■ Instructions for the task
Taking the first line of the listing as the start and the line containing "used 2025 Jeep" as the end, reproduce everything in between exactly, both ends included.

■ Records supplied

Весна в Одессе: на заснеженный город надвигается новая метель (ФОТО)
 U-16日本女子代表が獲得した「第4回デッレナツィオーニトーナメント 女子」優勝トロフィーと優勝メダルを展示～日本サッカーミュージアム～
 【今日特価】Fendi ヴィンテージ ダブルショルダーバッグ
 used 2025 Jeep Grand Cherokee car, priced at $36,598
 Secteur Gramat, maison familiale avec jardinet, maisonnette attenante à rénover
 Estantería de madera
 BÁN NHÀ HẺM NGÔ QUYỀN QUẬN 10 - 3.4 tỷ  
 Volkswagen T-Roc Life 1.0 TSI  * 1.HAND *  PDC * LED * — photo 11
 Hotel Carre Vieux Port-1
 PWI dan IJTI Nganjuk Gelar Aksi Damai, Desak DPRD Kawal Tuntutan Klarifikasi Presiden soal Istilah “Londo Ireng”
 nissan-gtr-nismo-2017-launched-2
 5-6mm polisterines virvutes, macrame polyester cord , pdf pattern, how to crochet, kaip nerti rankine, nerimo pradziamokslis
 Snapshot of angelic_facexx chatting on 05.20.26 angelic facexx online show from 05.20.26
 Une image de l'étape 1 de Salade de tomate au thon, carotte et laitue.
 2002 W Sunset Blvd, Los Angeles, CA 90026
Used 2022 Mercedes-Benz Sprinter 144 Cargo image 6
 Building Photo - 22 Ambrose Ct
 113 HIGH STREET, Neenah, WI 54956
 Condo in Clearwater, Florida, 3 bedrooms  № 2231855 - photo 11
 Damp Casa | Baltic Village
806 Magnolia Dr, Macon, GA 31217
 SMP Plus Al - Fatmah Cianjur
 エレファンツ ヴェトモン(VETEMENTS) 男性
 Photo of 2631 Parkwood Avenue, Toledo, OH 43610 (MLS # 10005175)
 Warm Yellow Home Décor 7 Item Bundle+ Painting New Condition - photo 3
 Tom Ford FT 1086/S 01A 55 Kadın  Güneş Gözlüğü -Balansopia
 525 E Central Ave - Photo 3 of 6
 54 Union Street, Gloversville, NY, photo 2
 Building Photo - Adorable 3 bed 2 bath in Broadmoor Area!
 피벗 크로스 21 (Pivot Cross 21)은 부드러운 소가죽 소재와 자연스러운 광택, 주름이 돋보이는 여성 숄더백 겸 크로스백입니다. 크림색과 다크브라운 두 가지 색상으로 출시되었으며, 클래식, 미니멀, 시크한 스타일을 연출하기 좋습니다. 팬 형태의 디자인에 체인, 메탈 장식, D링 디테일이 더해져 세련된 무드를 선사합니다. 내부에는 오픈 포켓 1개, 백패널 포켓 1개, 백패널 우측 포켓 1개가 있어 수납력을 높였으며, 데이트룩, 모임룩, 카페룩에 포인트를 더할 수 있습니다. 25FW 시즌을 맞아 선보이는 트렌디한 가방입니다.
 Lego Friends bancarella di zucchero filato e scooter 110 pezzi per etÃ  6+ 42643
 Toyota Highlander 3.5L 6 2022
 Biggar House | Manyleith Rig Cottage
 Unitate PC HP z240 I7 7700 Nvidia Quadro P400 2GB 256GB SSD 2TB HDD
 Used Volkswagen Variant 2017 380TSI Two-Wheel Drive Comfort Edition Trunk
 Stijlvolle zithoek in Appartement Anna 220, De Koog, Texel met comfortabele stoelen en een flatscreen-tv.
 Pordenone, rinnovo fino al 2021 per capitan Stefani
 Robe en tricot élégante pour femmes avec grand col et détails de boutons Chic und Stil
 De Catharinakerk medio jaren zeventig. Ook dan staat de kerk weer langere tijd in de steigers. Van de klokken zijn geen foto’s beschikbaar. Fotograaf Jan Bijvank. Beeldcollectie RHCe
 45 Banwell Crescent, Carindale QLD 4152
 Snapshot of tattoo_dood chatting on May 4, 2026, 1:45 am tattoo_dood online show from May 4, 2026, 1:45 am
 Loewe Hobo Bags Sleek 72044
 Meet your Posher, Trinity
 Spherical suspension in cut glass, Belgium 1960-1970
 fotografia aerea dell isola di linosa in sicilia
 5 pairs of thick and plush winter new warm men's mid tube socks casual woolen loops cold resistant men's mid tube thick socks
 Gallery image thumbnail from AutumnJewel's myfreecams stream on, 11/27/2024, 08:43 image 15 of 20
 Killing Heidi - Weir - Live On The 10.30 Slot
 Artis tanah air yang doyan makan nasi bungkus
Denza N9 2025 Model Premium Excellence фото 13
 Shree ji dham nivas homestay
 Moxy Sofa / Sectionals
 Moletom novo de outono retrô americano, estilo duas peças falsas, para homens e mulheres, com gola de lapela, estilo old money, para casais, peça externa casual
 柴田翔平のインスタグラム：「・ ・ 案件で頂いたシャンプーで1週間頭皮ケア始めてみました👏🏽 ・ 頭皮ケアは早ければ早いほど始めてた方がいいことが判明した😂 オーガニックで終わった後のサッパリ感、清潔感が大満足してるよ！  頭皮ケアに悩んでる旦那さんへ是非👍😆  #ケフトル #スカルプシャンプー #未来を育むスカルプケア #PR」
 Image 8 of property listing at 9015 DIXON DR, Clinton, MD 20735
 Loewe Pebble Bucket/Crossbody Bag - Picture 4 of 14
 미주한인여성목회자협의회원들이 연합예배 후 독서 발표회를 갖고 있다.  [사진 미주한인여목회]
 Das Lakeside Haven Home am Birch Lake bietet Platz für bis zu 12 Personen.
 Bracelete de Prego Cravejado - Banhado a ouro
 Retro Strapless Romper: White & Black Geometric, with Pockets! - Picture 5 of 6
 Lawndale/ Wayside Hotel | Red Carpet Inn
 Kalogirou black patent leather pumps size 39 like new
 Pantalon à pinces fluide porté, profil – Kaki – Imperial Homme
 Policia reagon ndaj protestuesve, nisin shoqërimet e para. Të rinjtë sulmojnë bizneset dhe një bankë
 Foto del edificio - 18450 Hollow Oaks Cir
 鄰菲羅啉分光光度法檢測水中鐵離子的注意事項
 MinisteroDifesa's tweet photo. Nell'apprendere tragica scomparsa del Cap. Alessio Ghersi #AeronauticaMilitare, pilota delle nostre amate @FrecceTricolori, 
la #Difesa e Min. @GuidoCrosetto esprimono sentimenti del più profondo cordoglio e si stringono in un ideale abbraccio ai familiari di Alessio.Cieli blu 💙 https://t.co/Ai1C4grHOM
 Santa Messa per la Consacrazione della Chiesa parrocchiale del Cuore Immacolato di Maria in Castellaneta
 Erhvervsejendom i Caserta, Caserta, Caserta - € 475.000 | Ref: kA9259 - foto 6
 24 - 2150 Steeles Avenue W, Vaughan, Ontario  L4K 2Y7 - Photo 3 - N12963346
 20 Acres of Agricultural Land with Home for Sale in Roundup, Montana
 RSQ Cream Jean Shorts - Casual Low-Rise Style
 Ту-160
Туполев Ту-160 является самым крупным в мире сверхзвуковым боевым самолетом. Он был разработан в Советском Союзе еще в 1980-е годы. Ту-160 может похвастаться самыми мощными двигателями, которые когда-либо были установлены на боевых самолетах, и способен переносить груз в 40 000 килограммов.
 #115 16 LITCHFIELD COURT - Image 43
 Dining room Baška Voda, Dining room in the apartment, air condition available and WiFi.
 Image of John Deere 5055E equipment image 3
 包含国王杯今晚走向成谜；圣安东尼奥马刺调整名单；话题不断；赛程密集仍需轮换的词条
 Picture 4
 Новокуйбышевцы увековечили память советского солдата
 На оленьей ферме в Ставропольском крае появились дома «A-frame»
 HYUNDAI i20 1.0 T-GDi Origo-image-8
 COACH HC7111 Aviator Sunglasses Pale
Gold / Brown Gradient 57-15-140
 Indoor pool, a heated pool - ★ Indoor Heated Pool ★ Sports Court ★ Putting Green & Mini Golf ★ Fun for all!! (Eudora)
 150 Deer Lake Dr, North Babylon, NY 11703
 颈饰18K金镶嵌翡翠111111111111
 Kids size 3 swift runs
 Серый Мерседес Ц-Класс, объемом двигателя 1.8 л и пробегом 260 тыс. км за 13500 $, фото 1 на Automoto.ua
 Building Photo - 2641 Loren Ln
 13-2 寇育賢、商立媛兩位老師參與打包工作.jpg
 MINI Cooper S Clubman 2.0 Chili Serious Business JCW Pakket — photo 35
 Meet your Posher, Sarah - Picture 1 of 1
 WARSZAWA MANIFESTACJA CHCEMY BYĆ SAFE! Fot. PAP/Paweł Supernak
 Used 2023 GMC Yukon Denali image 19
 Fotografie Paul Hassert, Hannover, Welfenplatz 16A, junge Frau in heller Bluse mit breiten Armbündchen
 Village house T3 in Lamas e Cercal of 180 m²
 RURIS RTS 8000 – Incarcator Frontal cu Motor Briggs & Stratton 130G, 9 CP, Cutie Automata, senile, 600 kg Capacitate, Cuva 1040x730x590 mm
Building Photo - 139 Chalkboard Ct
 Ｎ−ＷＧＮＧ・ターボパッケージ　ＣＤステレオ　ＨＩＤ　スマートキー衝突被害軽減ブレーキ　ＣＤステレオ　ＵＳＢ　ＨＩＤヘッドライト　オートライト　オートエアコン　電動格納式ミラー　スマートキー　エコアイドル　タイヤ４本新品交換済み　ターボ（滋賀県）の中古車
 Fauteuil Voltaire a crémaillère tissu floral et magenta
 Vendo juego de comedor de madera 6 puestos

■ Answer to this exercise
Весна в Одессе: на заснеженный город надвигается новая метель (ФОТО)
 U-16日本女子代表が獲得した「第4回デッレナツィオーニトーナメント 女子」優勝トロフィーと優勝メダルを展示～日本サッカーミュージアム～
 【今日特価】Fendi ヴィンテージ ダブルショルダーバッグ
 used 2025 Jeep Grand Cherokee car, priced at $36,598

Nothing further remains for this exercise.